Identifying and detailing trends in securities class action filings and settlements is like any roller coaster ride worth its weight in thrills—we anticipate what might be right around the corner. Will it be a slow, steep climb up or are we headed into a blind loop-the-loop?
The Private Securities Litigation Reform Act of 1995 was implemented to stem frivolous securities fraud class actions brought under Section 10b and Rule 10b-5 of the Securities and Exchange Act of 1934. Since the Reform Act was enacted, a larger portion of filings have included allegations of accounting fraud and insider trading as well as, in recent years, objections to mergers and acquisitions. Post–Reform Act settlement dollars had been on the increase, particularly for settlements of “mega-cases,” but that trend has reversed. For the past four years, no securities class action settlement has exceeded $1 billion. Details on the latest trends in securities class action filings and settlements follow.

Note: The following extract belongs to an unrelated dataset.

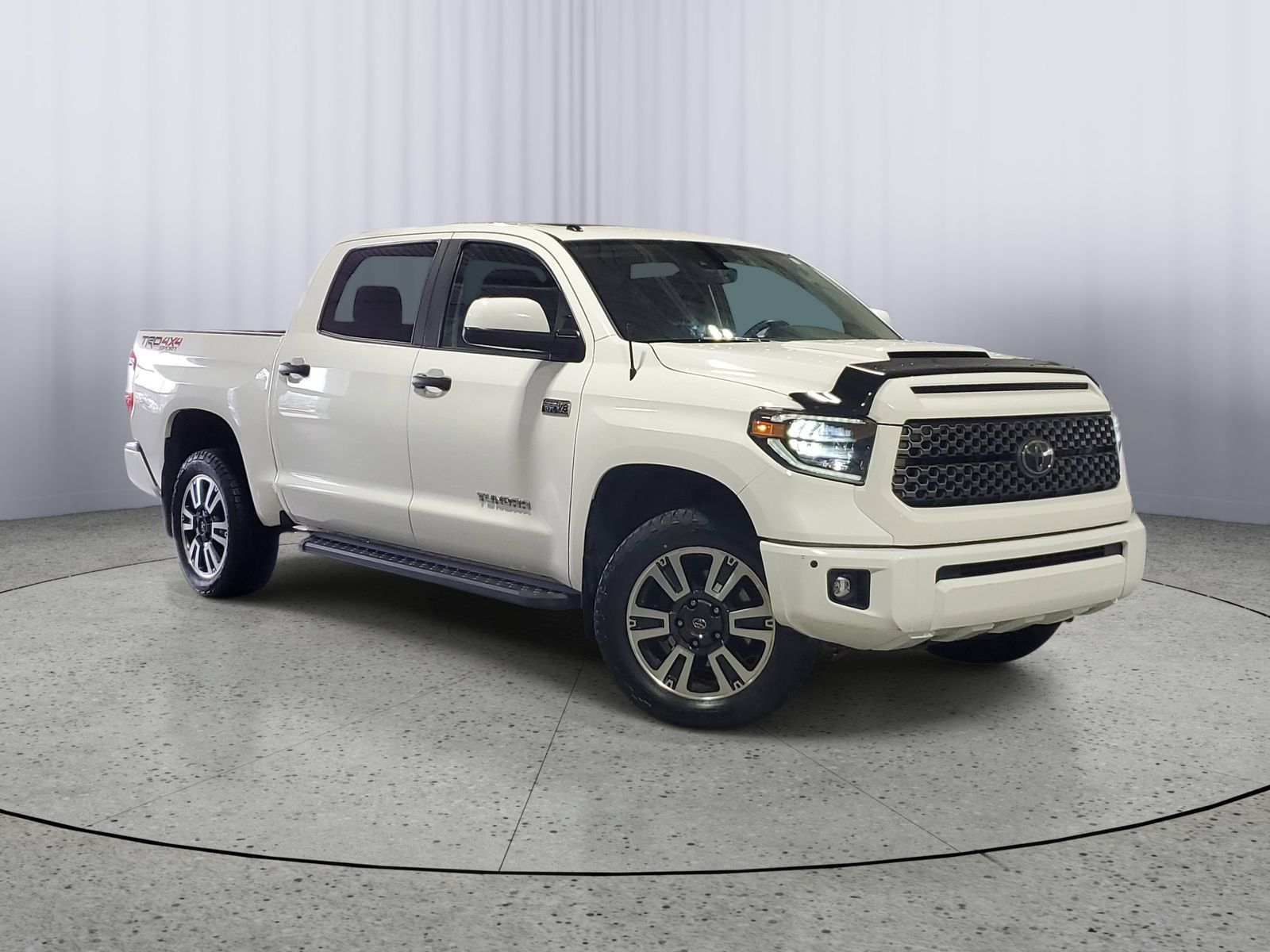 White 2019 Toyota Tundra Pickup Truck Four-Wheel Drive 6-Speed Automatic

The median settlement amount for the 65 court-approved settlements decreased substantially in 2011 to $5.8 million, an almost 50 percent decline from the $11.3 million median in 2010, and represents the lowest median settlement amount in more than 10 years. While the decrease in the median settlement amount is surprising, there were several factors in 2011 that contributed to this decline. For example, accompanying Securities and Exchange Commission (SEC) actions tend to be associated with higher class action settlements, and while cases accompanied by corresponding SEC actions were down this year, the SEC has actually increased its level of enforcement activity in recent years. This suggests that all else equal, the number of class actions with corresponding SEC actions likely will increase.

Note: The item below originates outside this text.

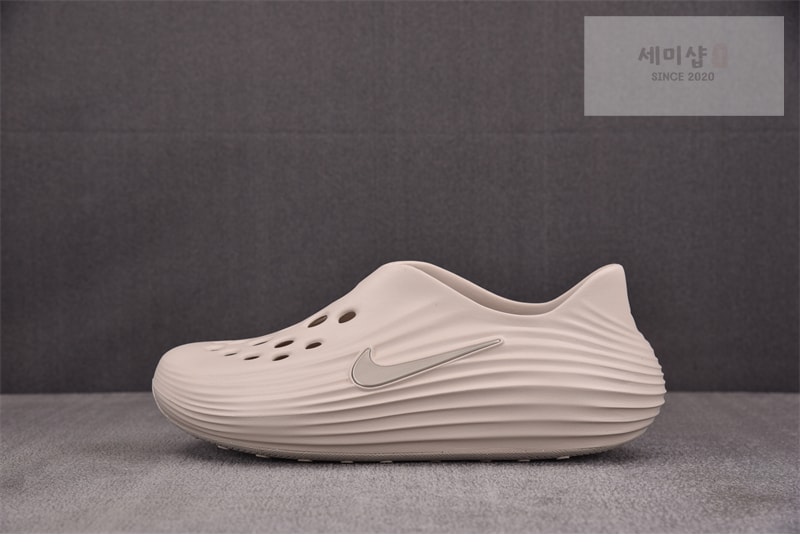 Nike 나이키 리액트X 리주버네이트 라이트 오어우드 브라운 HV5060-100 신발 2번 이미지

For the second consecutive year, more than 60 percent of accounting case filings included allegations of internal control weaknesses. Only 17 percent of initial filings with these claims were accompanied by company announcements reporting the presence of internal control weaknesses over financial reporting. Accounting cases with internal control allegations that were accompanied by announcements of internal control weaknesses by the company tended to settle for higher amounts.